Method to madness

You could have passed them in many a neighborhood computer shop, hunched in front of glaring computer monitors, typing on worn-out keyboards, and posing in front of grimy 2-megapixel webcams—women (in this case a  lola  and her teenage granddaughter) waving happily to whoever was at the other end of their interaction, in front of another computer screen.

At that moment, I would have dismissed the scenario as just another jovial family reunion, except that it wasn’t. According to what I gathered from their conversation, they were talking, not with some faraway relative, but a portly American “friend.” I overheard the girl telling her grandmother that she (the lola) was to type in that she had gotten sick and therefore needed cash to pay for her hospital bill, even advising her not to ask for less than $200. Pretend that it’s a big bill, ’La, the girl said.

This saddened me—not because of the obvious parasitism that the two were engaged in, but rather, because of the circumstances that forced them into it.

Just recently, major international economic agencies declared the Philippines a rising star, a waking dragon, a new economic tiger, waxing rhetoric on the alleged rise and stability of the country’s economic status. But then again, as what we’ve come to know, one must learn not to take everything at face value.

True, one can say that with the sudden rise in the number of construction activities in the metropolitan areas, as well as the ubiquitous increase in shoppers in upscale department stores and malls, one will be hard-pressed to exclaim, “And I thought there were many poor people in the Philippines!”

Media reports tell us that the country is at an unprecedented climb in its economic ratings, with major TV stations and newspapers announcing the possibility of a brighter, more hopeful future. Personally, I’ve dismissed those who made such announcements as looking through rose-colored glasses. Or would “blinders” be more appropriate?

But maybe I’m just being too harsh. Perhaps they arrived at such a conclusion because they haven’t taken a  long, hard look at the streets of Malate, of Cubao, or of Angeles City, among others, which may seem developed but are actually places dependent on the purchasing power of the many foreigners who congregate there, and which, for all their glitz come nighttime, are actually monuments to the viciousness of US imperialism, testaments to how our country continues to be abused by the superpower under the beautiful guise of “economic development.”

Surely, the country may be facing development. But then again, one has to ask: Is this development progressive?

Genuine development does not stop with the mere completion of yet another high-rise condominium building in the city, or the influx of foreign investors. The way I see it, development is when a worker ceases to be a perpetual minimum-wage contractual employee. It’s when the prices of goods go down and the people’s salaries go up. It’s when students need no longer drop out of school because of tuition increases. It’s when a breadwinner goes to work not worrying if his day’s wages will be enough to feed his family. It’s when a farmer tills his own land and not some hacendero’s. It’s when children need no longer sell their bodies to foreigners just to quiet their grumbling stomachs. Genuine development is one that is for the masses and not for the oligarchs.

But maybe I am asking for too much. Maybe asking for change is too much.

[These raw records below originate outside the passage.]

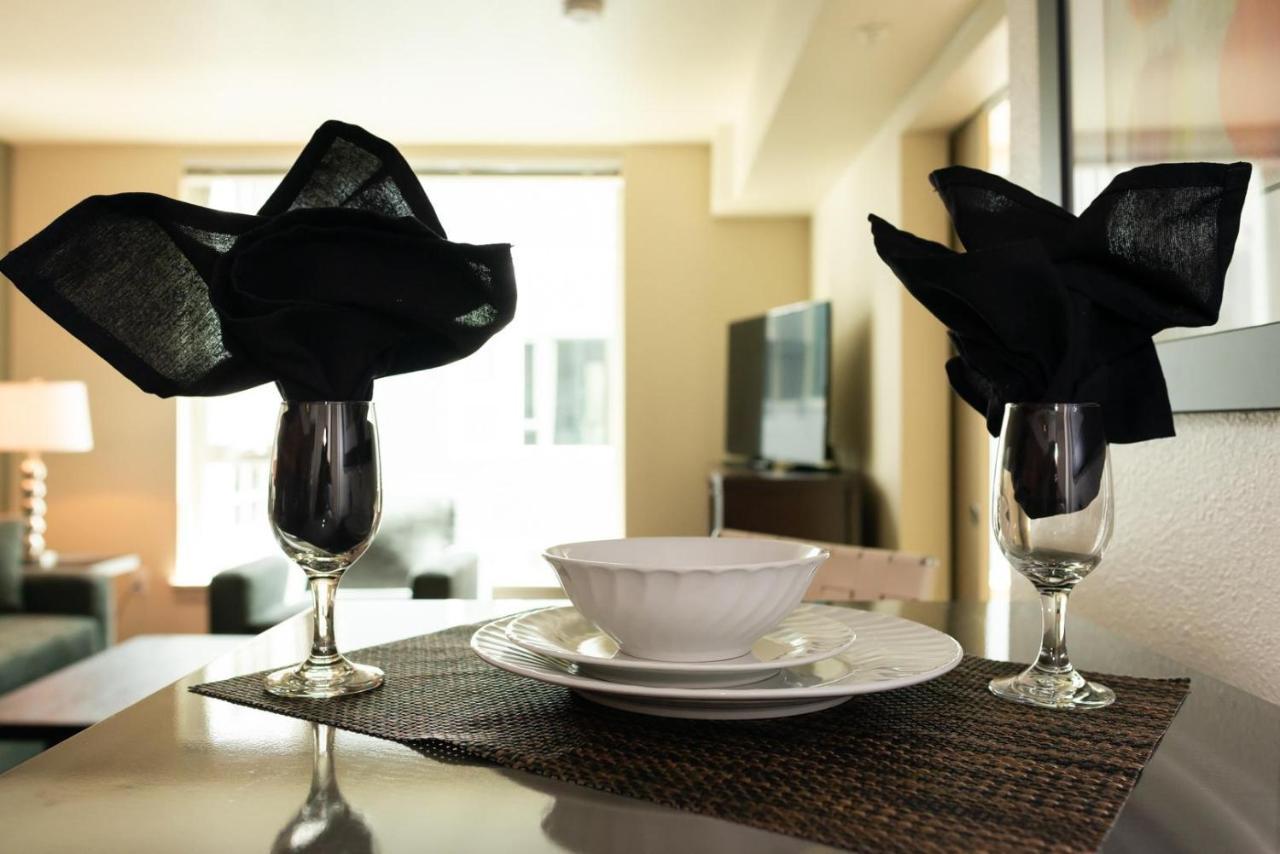 Capitol Hill Exclusive Luxury Apartments Seattle Eksteriør bilde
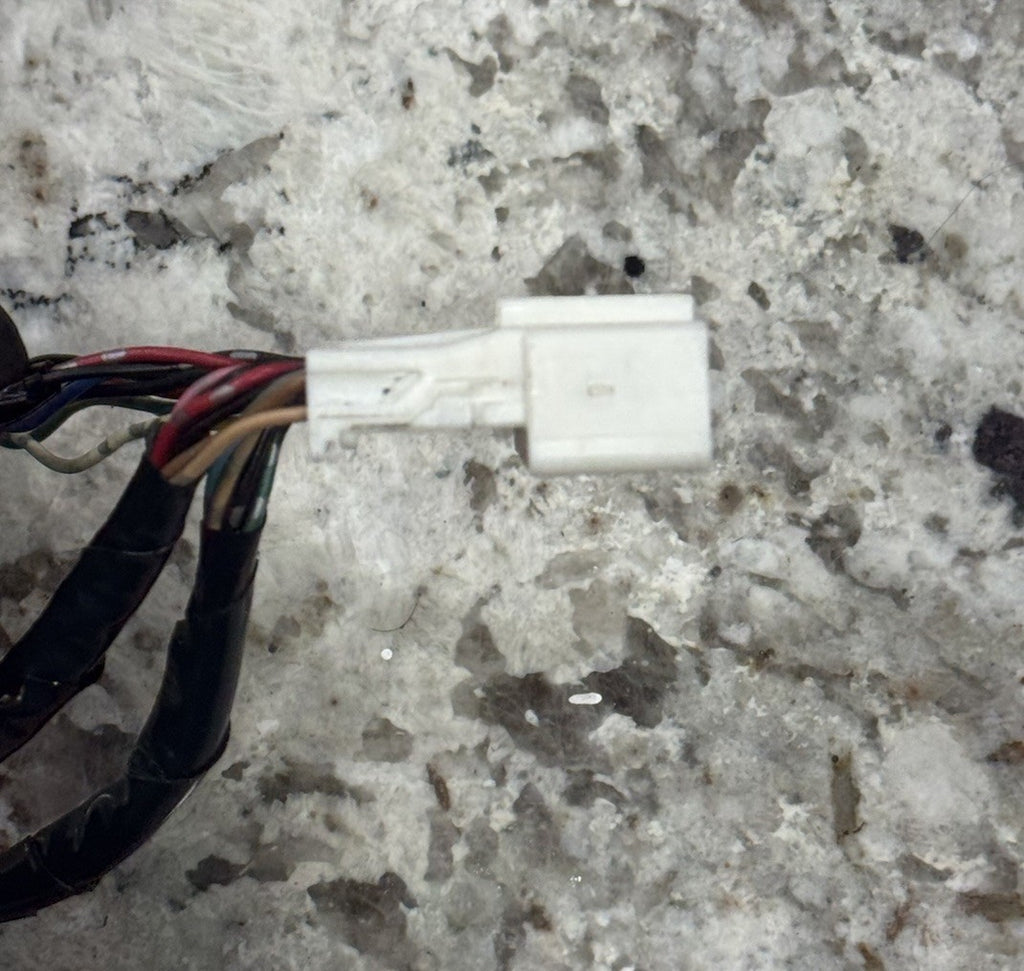 2011 - 2019 Infiniti Under Center Console Wiring Harness-Sub Jumper 24168 1ME0B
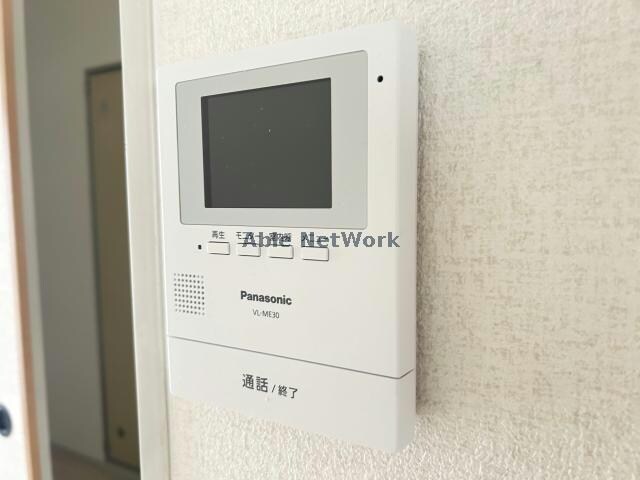 物件内観写真28　(TVモニターホン)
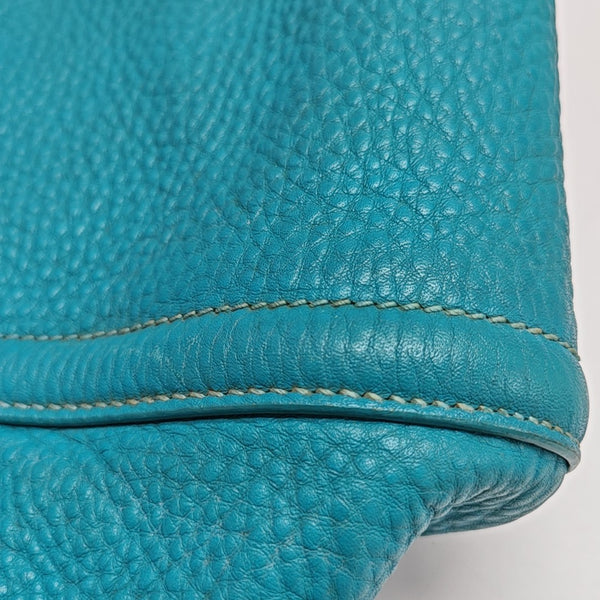 Calfskin Blue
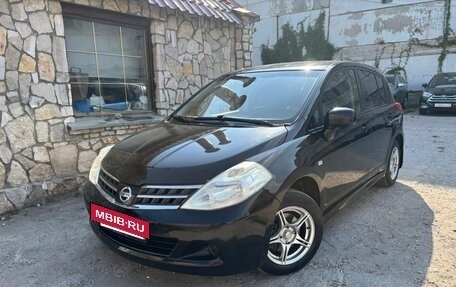Nissan Tiida, 2010 год, 549 900 рублей, 2 фотография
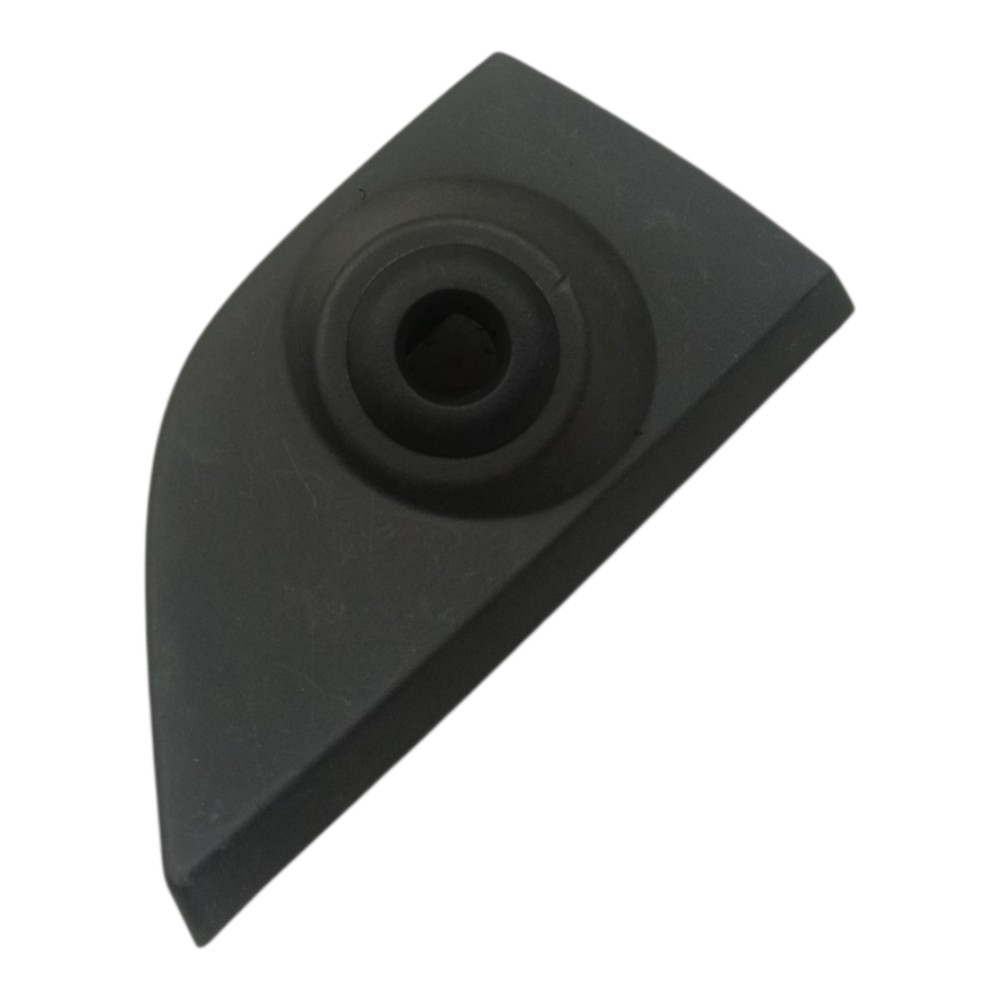 Acabamento Interno Retrovisor Esquerdo Ford Ka 2015 2016 Preto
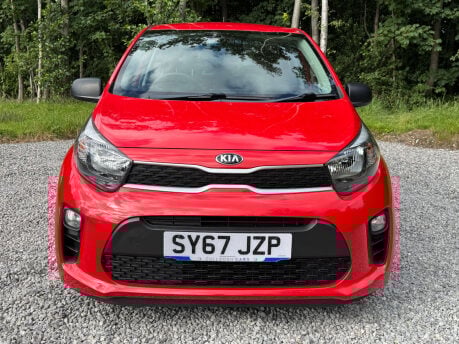 Kia Picanto 1.0 Picanto 1 5dr 6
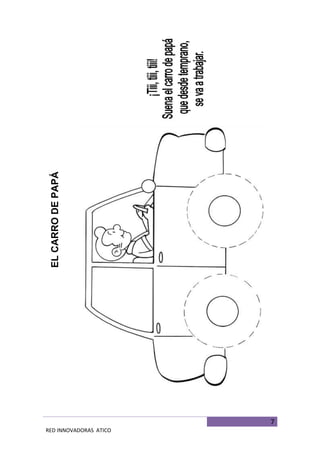 7
RED INNOVADORAS ATICO
ELCARRODEPAPÁ
 
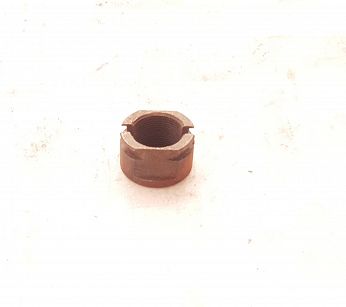 Nakrętka  M14 x 0,75 x 12 Żuk, Nysa, Tarpan
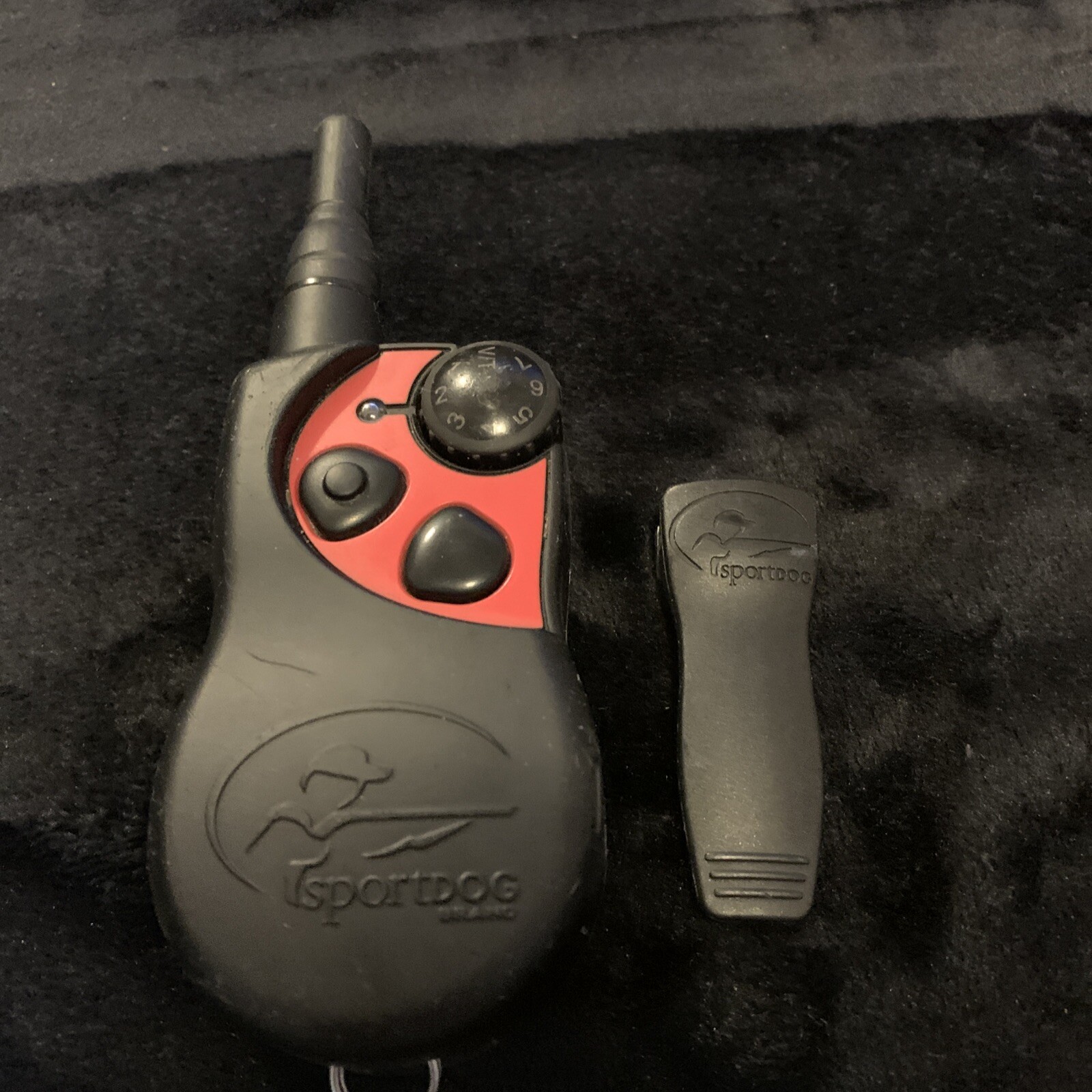 SportDOG Dog Remote Transmitter Control ONLY SDT0013866 for SD825SMS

Today, to declare that you are for change is akin to walking down the street with a “kick me” sign on your back and a tag on your forehead with any of the following words on it: “activist,” “communist,” “leftist,” “barbarian,” and for the uneducated, “terrorist.” And it is with this apparent fixation with conformity that society has become so messed up. What else will you call a society that, for all the madness it commits, dares to call itself “sane,” and those who question it, “crazy”?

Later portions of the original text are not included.